INPUT DATA Block Start

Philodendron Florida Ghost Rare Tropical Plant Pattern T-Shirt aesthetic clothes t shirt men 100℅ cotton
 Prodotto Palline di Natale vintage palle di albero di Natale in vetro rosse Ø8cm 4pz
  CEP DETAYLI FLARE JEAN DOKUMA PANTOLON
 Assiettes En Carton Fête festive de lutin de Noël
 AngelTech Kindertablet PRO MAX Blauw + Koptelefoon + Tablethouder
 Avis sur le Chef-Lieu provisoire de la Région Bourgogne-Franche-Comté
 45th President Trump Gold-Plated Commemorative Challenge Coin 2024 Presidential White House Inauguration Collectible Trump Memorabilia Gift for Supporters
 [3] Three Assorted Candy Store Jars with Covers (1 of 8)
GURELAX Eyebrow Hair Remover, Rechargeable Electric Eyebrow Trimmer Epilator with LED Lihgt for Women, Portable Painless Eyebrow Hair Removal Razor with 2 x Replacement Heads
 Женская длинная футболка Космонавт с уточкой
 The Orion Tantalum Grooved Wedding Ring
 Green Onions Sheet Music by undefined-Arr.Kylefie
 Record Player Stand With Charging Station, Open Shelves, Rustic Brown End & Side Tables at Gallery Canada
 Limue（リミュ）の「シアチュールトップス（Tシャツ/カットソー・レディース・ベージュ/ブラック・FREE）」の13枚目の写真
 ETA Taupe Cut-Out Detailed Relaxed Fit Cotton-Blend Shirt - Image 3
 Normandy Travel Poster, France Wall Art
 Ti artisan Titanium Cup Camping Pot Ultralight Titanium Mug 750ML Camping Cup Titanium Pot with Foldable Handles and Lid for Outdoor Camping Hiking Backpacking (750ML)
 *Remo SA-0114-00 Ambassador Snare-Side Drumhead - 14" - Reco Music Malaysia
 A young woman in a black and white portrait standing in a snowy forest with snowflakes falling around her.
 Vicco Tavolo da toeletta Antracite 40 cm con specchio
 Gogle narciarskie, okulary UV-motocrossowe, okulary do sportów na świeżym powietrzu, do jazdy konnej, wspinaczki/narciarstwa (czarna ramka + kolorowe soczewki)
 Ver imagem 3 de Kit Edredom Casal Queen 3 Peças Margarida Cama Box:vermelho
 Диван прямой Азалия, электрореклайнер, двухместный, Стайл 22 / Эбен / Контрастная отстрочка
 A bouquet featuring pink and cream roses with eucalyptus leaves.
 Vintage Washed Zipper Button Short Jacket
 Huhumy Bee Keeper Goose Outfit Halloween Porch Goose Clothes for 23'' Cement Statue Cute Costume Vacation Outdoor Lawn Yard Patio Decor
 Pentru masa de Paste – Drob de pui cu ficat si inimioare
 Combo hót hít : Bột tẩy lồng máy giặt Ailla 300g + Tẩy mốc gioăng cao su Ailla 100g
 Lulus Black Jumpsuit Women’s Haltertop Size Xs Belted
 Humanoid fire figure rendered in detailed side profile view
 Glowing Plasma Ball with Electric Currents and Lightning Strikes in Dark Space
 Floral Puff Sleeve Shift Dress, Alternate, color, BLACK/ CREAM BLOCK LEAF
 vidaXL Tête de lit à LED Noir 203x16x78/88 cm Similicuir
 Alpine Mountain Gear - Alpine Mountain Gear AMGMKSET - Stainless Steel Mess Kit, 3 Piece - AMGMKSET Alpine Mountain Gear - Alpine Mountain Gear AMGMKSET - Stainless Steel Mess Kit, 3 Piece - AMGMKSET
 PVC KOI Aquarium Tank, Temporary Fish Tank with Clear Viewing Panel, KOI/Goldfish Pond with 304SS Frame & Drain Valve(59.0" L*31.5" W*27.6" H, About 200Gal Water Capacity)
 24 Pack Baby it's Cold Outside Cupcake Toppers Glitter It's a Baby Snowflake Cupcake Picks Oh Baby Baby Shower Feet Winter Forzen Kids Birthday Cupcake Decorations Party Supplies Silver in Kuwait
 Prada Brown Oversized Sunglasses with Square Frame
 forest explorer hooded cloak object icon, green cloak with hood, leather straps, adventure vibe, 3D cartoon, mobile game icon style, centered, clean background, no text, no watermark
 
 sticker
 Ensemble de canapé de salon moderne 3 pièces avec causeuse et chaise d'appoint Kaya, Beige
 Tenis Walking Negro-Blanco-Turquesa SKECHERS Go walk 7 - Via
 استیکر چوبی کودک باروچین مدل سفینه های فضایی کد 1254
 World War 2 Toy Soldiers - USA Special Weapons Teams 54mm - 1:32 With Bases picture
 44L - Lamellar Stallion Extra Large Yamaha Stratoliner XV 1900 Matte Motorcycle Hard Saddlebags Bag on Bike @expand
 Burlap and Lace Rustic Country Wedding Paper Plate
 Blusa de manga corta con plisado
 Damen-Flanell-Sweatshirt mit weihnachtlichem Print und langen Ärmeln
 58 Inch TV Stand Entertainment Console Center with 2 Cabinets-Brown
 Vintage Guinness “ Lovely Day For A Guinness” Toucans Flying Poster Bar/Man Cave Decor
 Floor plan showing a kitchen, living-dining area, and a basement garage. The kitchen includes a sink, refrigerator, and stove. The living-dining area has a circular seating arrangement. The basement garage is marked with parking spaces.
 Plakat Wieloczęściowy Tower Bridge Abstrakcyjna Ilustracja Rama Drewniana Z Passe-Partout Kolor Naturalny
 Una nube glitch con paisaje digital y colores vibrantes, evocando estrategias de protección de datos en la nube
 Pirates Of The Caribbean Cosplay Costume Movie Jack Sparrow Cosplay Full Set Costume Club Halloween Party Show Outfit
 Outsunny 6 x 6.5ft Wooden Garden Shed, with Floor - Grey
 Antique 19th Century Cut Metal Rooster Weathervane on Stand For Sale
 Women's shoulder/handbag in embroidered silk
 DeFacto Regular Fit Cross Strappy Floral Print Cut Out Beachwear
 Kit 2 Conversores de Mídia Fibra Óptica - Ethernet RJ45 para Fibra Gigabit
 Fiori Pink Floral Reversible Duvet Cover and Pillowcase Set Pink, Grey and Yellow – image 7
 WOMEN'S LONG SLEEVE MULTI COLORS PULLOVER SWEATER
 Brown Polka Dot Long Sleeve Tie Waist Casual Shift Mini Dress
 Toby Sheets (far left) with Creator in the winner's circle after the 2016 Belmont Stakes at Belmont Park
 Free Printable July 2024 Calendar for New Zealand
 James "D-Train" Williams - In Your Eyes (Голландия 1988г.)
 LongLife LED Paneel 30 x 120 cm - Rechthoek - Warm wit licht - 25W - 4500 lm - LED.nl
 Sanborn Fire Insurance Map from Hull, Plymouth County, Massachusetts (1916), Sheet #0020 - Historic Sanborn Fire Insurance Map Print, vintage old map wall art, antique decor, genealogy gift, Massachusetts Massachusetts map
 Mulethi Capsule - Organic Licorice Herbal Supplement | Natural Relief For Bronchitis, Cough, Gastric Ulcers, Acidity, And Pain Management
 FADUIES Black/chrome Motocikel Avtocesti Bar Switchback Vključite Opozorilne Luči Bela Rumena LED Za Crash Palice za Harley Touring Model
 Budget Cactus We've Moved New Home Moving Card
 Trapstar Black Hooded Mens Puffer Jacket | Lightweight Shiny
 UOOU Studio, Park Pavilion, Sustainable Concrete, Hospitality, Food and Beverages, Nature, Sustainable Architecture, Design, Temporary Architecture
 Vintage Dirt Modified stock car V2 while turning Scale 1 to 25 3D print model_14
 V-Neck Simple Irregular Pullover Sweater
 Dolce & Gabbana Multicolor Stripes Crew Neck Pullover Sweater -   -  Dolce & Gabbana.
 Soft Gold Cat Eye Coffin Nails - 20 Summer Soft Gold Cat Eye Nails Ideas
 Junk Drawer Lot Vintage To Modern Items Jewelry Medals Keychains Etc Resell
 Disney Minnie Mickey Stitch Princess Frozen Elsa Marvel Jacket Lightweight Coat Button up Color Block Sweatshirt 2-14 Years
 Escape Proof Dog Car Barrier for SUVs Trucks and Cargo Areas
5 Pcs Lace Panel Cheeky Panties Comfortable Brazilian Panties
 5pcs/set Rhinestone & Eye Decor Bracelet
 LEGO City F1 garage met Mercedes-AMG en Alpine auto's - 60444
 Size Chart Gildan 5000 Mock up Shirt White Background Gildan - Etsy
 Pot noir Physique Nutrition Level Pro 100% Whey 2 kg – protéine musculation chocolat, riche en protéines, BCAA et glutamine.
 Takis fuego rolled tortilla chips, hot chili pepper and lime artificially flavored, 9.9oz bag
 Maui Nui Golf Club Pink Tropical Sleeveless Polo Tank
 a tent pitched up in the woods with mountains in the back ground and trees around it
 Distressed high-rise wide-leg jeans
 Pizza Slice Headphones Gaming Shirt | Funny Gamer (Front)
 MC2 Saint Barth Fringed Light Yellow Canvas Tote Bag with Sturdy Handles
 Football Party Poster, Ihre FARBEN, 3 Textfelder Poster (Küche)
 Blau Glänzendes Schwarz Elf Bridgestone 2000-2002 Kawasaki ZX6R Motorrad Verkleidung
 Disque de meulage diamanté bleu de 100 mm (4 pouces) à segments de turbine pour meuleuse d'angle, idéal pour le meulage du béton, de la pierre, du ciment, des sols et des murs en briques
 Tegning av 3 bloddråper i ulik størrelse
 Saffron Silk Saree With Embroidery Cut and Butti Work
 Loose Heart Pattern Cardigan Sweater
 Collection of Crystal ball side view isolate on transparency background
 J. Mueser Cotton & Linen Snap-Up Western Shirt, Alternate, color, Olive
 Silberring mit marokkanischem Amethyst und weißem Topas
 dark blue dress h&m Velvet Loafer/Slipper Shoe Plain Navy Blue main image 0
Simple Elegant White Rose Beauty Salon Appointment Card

INPUT DATA Block End

WHAT IS BEING ASKED: The answer should be the first line of the material and every line after it through the line containing "[3] Three Assorted", exactly as written, and nothing else.

RESULT OF THE TASK:
Philodendron Florida Ghost Rare Tropical Plant Pattern T-Shirt aesthetic clothes t shirt men 100℅ cotton
 Prodotto Palline di Natale vintage palle di albero di Natale in vetro rosse Ø8cm 4pz
  CEP DETAYLI FLARE JEAN DOKUMA PANTOLON
 Assiettes En Carton Fête festive de lutin de Noël
 AngelTech Kindertablet PRO MAX Blauw + Koptelefoon + Tablethouder
 Avis sur le Chef-Lieu provisoire de la Région Bourgogne-Franche-Comté
 45th President Trump Gold-Plated Commemorative Challenge Coin 2024 Presidential White House Inauguration Collectible Trump Memorabilia Gift for Supporters
 [3] Three Assorted Candy Store Jars with Covers (1 of 8)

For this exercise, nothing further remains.